[Brief descriptive captions]
•••

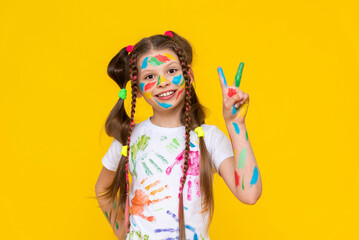 A young girl stained in multicolored paint shows two fingers and smiles broadly. Children's creativity. Yellow isolated background.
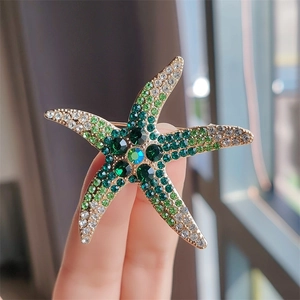 Gros plan sur une broche étoile de mer vintage avec strass verts sur alliage doré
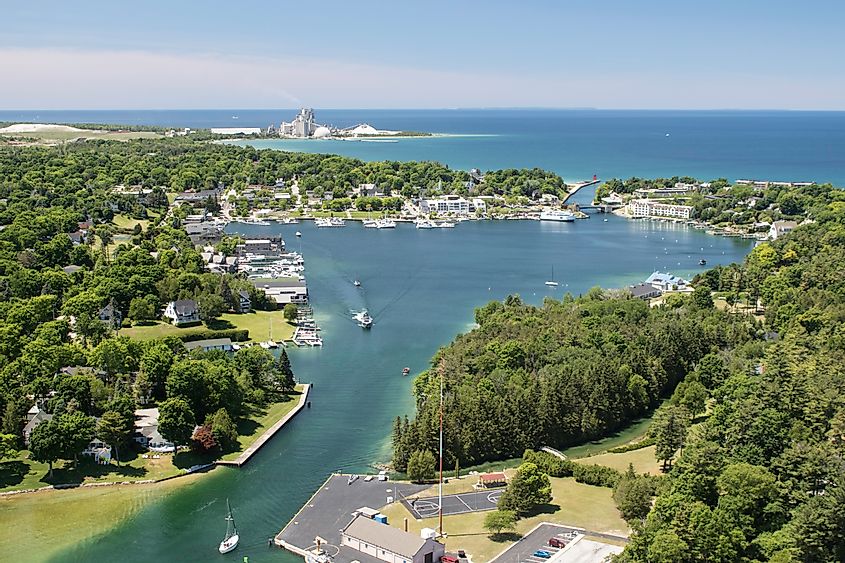 Aerial view of Round Lake in Charlevoix, Michigan, early summer, with boat traffic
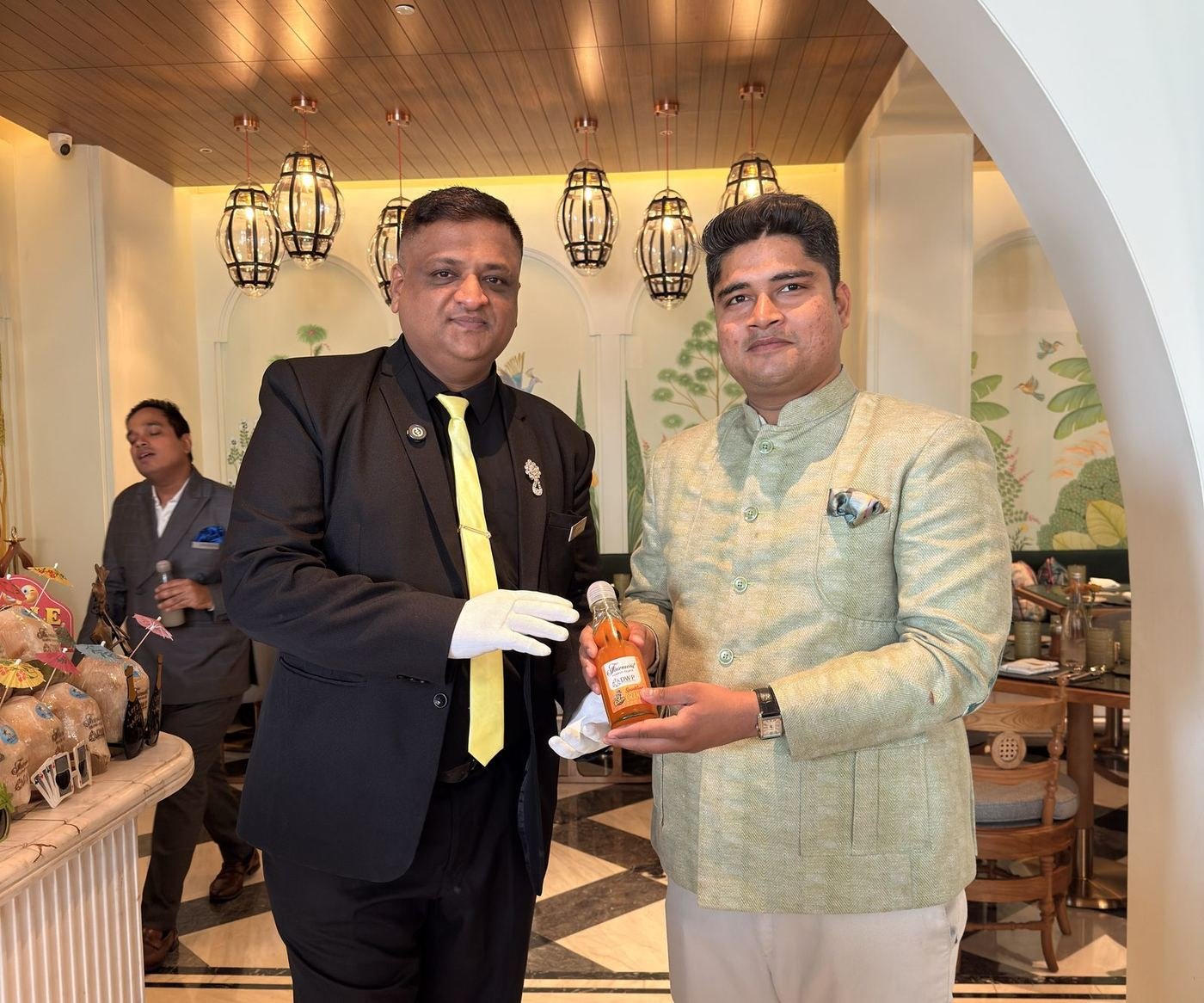 Mr. Coconut team handing over a coconut indoors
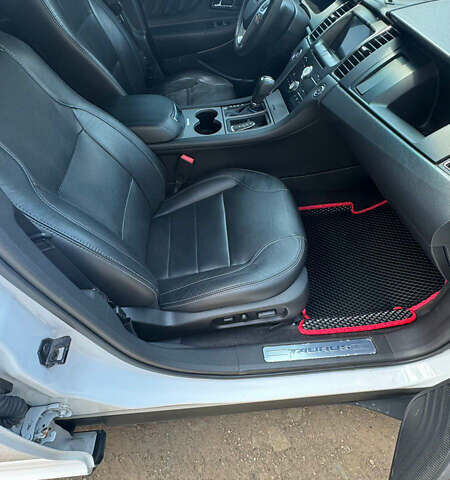 Білий Форд Taurus, об'ємом двигуна 3.73 л та пробігом 130 тис. км за 12350 $, фото 11 на Automoto.ua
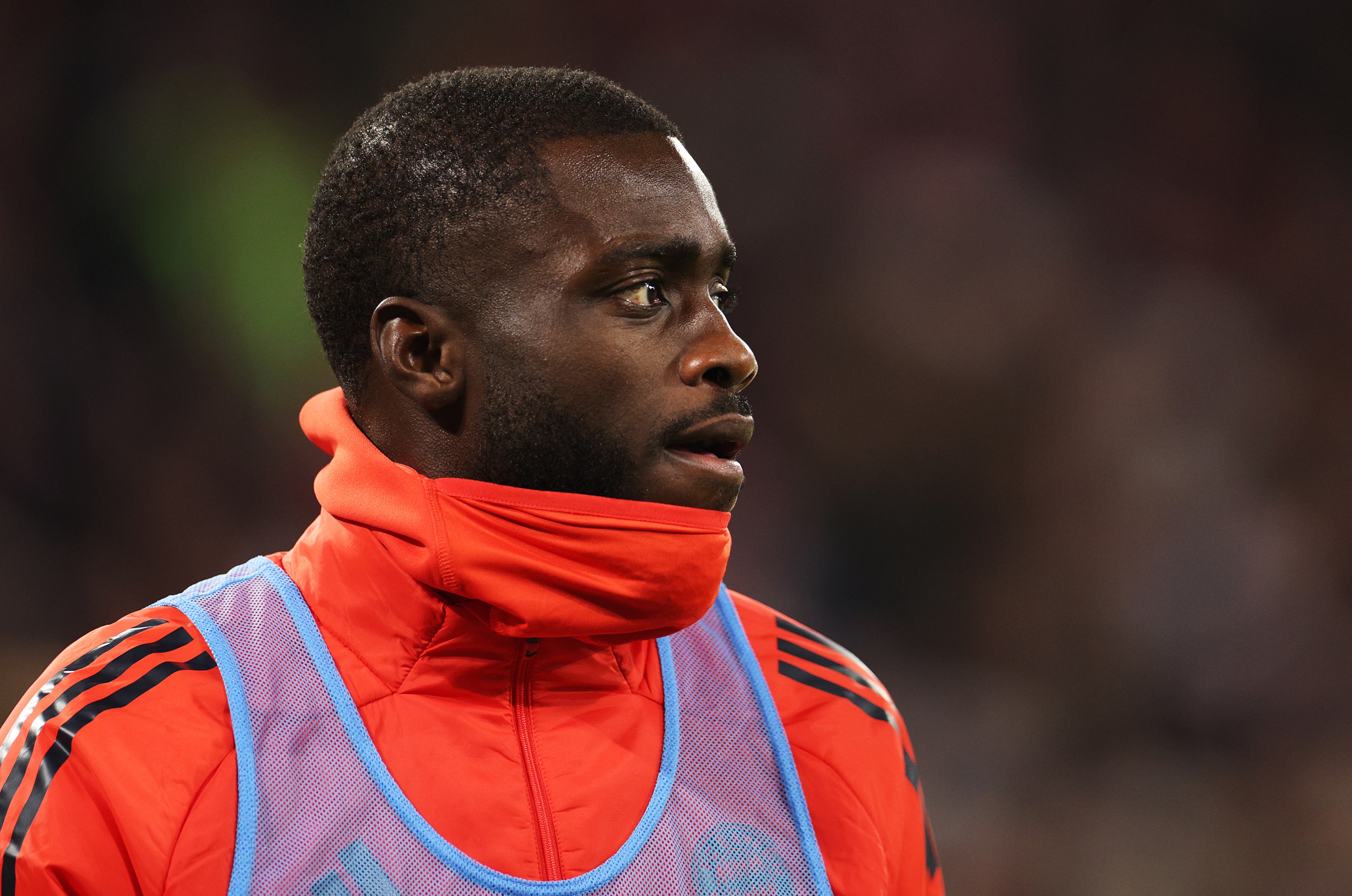 Dayot Upamecano looks on.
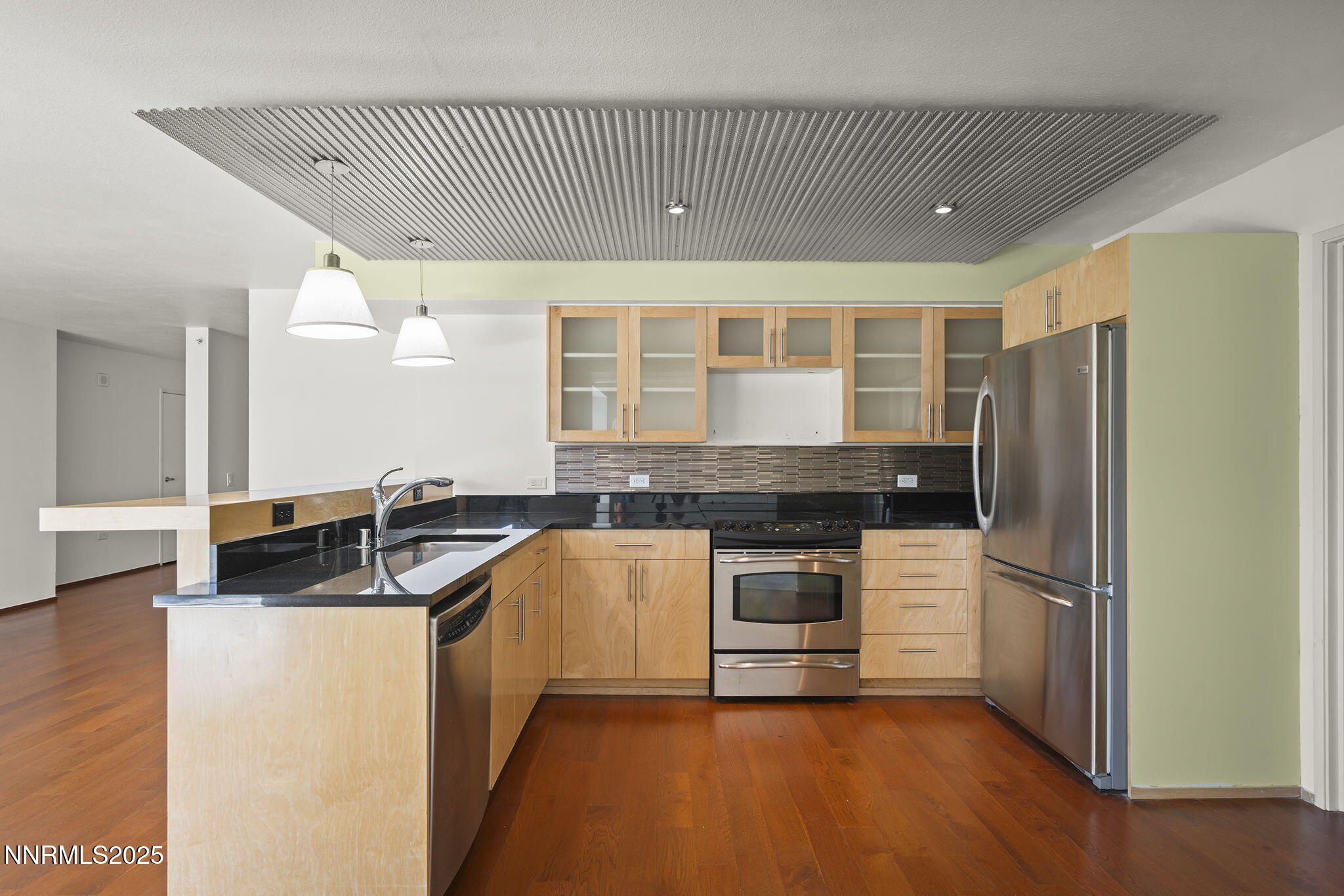 255 North Sierra Street, Unit 1419 Reno, NV 89501 - Photo 11 of 40 a kitchen with kitchen island granite countertop a sink cabinets and stainless steel appliances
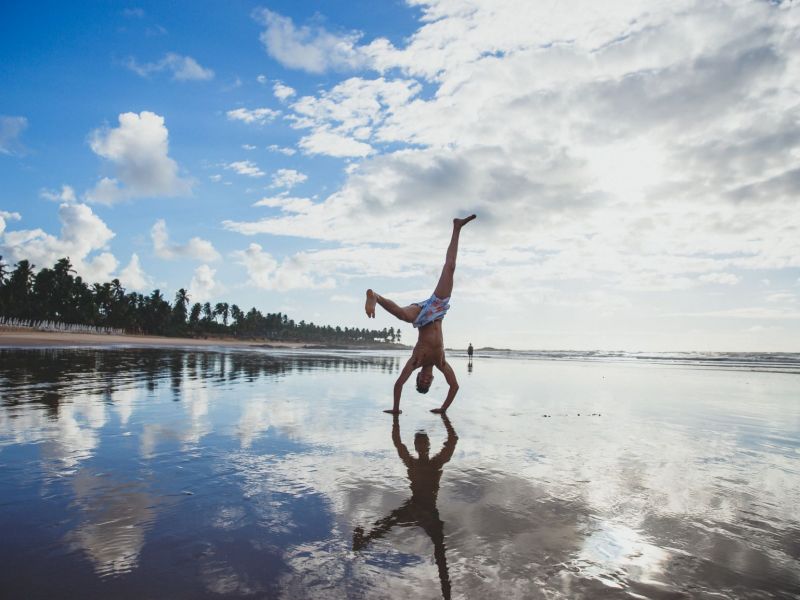 Homem plantando bananeira à beira-mar, em frente a um céu azul com nuvens brancas e próximo a um conjunto de árvores.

•••

Required action
Since pictures are not part of the copy, set down only the remaining data exactly.

Answer space
 A young girl stained in multicolored paint shows two fingers and smiles broadly. Children's creativity. Yellow isolated background.
 Gros plan sur une broche étoile de mer vintage avec strass verts sur alliage doré
 Aerial view of Round Lake in Charlevoix, Michigan, early summer, with boat traffic
 Mr. Coconut team handing over a coconut indoors
 Білий Форд Taurus, об'ємом двигуна 3.73 л та пробігом 130 тис. км за 12350 $, фото 11 на Automoto.ua
 Dayot Upamecano looks on.
 255 North Sierra Street, Unit 1419 Reno, NV 89501 - Photo 11 of 40 a kitchen with kitchen island granite countertop a sink cabinets and stainless steel appliances
 Homem plantando bananeira à beira-mar, em frente a um céu azul com nuvens brancas e próximo a um conjunto de árvores.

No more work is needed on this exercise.